Some fixtures of the party establishment believe the small-dollar public financing plan, which sets a six-to-one matching program for donations under $200, could incentivize and turbocharge primary challenges, particularly from the far left, by allowing them to cut into incumbents’ usual fund-raising edge more quickly.
Then there is a more vexing political concern, voiced most clearly by Mr. Manchin but shared by others, that after Mr. Trump spent months falsely claiming that Democrats were cheaters trying to rig the 2020 election against him, some independent voters — fairly or not — will view the legislation as an attempt to do just that and punish the party in the 2022 midterms.
State elections administrators have raised their own complaints, too, quietly lobbying their senators to modify national voting requirements they say would be onerous or impossible to put in place by 2022. Some have complained they were simply not consulted on a major federal rewrite of the system they believe they have overseen effectively.
“I’ve been saying that no election administrators were harmed in the making of this bill,” quipped Charles Stewart III, a leading expert on elections at the Massachusetts Institute of Technology. “Running elections is detail-intensive, and it’s not just shifting stuff around. You’re adding new features and adding complexity, not just shifting complexity from one place to another.”
Many say they support the goals of the proposal, but fear it overreaches in some places and issues contradictory orders in others. For instance, the legislation states that properly postmarked ballots that arrive as long as 10 days after an election must be counted as valid. But it also gives voters up to 10 days to correct mistakes on mailed-in ballots, meaning that late-arriving ballots with errors could delay certifying an election for up to 20 days. Some administrators believe that a 20-day lag threatens to cause havoc with schedules for formalizing election results.
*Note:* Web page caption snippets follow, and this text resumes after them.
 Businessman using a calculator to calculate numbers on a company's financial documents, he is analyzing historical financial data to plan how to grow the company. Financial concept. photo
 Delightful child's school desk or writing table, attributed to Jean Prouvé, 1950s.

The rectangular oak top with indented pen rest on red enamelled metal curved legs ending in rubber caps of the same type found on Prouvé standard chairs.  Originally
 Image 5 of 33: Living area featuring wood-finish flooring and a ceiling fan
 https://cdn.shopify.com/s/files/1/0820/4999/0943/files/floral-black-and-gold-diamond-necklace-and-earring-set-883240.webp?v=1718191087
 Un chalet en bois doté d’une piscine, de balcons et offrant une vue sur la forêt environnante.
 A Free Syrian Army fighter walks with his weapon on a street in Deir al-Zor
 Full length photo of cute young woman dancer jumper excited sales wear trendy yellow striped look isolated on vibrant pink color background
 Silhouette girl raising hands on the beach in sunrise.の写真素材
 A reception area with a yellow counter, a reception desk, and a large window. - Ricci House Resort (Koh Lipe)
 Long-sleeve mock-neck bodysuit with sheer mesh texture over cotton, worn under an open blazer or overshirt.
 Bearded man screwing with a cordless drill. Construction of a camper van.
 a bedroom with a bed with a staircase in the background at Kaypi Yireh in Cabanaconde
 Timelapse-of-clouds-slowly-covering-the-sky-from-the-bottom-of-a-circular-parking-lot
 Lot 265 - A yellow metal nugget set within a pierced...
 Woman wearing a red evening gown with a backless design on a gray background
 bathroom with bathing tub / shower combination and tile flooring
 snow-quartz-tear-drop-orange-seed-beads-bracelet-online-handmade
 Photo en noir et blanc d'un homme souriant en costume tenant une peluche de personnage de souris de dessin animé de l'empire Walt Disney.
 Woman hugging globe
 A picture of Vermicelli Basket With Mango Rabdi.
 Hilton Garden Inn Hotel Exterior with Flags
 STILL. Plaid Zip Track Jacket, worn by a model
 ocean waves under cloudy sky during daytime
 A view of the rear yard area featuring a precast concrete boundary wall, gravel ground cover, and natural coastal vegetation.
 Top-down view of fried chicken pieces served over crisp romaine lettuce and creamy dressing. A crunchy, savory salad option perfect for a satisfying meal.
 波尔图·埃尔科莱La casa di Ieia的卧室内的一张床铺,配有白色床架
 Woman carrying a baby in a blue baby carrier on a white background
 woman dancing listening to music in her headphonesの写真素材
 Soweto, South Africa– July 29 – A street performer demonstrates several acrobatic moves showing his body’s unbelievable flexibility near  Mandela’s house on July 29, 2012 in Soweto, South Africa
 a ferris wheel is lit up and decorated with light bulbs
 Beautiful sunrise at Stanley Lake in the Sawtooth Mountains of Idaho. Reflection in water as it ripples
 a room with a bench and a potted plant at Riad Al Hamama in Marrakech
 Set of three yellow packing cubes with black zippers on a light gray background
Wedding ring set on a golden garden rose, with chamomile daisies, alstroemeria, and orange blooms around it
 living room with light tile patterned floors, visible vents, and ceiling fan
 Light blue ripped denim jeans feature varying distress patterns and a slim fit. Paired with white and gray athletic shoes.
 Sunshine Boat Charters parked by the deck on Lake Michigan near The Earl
Others say the measure, which requires all federal elections to start with an identical set of rules, ignores the reality in the scores of thousands of jurisdictions that oversee the vote. One Democratic state elections director said the early-voting mandates in the bill would require a county of 2,000 residents to keep polls open for 15 days, 10 hours a day, even for an off-year congressional primary that draws only a handful of voters.